● What the task asks
Pictures stay out of the copy. Repeat exactly the lines from the first entry below through the line that contains "Used 2018 Toyota", and nothing beyond.

● Data for analysis

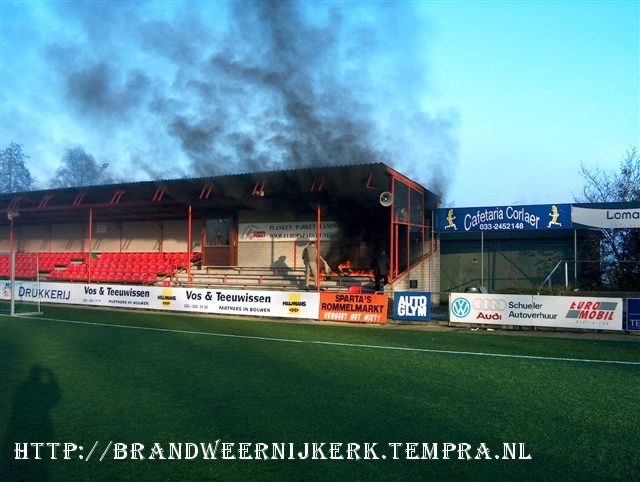 de eerste bluswerkzaamheden worden gedaan door omstanders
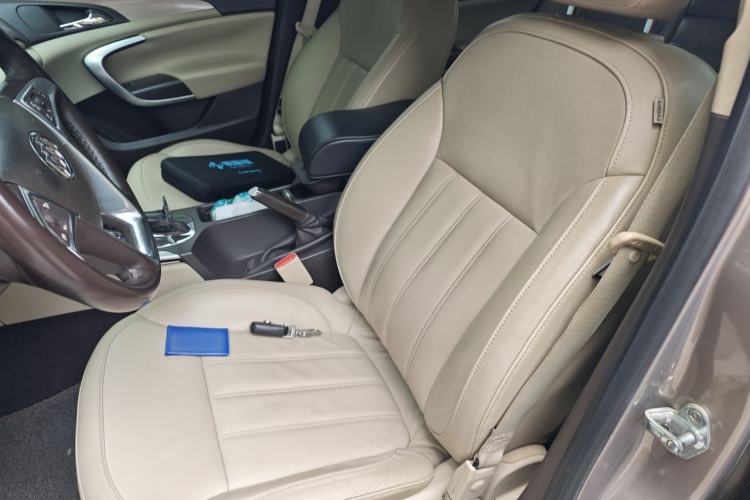 Used Buick Regal 2012 2.0L Luxury Edition Left Front Seat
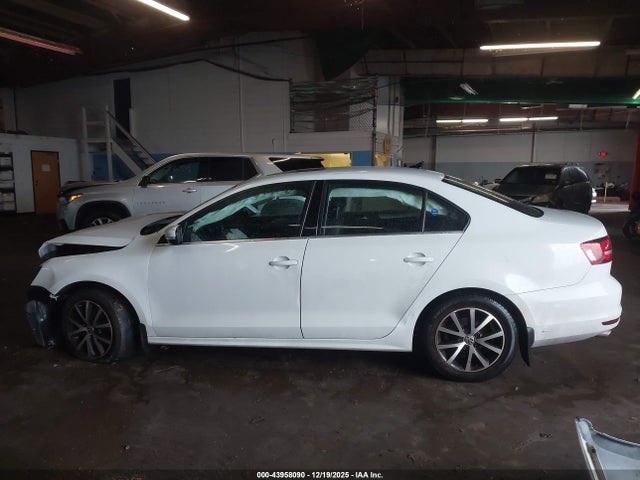Volkswagen Jetta 1.4t Se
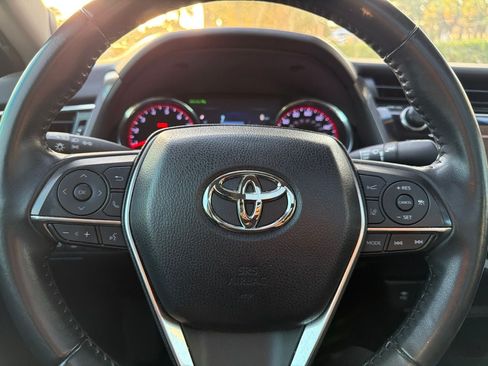 Used 2018 Toyota Camry XSE w/ Audio Package FWD image 10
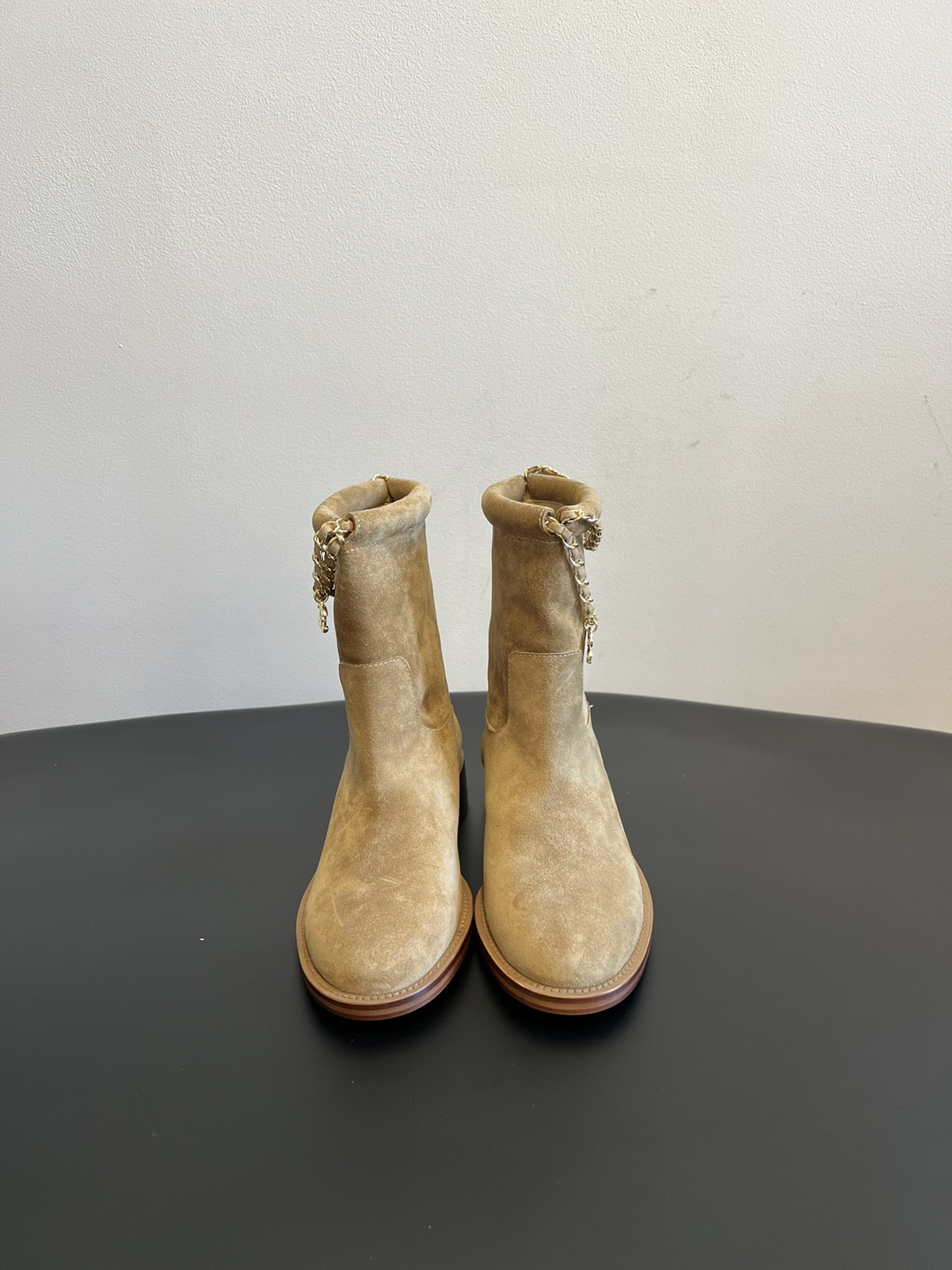 NO:536483,Chane* Xiaoxiang double-chain short boots The boots are paired with Xiaoxiang's signature double C metal chain, and a four-leaf clover-shaped metal pendant is hung on the chain, adding luxury and exquisite details to the whole, and the four-leaf clover elements also have the meaning of luck. This shoe combines a retro and light luxury style, which can not only add highlights to daily outfits, but also show unique taste in some slightly formal occasions. It is a pair of boots that are both beautiful and practical. Upper cowhide/cow back velvet inner sheepskin outsole leather outsole SIZE35-40 (40 custom-made without return and exchange) Suede leather 410, boots, chanel, boots, cowhide, sheepskin, Leather soles19860909Chane* 小香双链条短靴 靴筒处搭配小香标志性的双c金属链条,同时链条上还悬挂着四叶草造型的金属吊坠,为整体增添了奢华感与精致细节,同时四叶草元素也带有幸运的寓意. 这款鞋融合了复古、轻奢的风格,既可以为日常穿搭增添亮点,也能在一些稍正式的场合展现独特品味,是一双兼具美观与实穿性的靴子. 鞋面牛皮/牛反绒 内里羊皮 大底真皮大底 SIZE35-40（40定制不退换） 绒面 皮面410,靴子,chanel,boots,cowhide,sheepskin,Leather soles,Women's Shoes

● Response
 de eerste bluswerkzaamheden worden gedaan door omstanders
 Used Buick Regal 2012 2.0L Luxury Edition Left Front Seat
Volkswagen Jetta 1.4t Se
 Used 2018 Toyota Camry XSE w/ Audio Package FWD image 10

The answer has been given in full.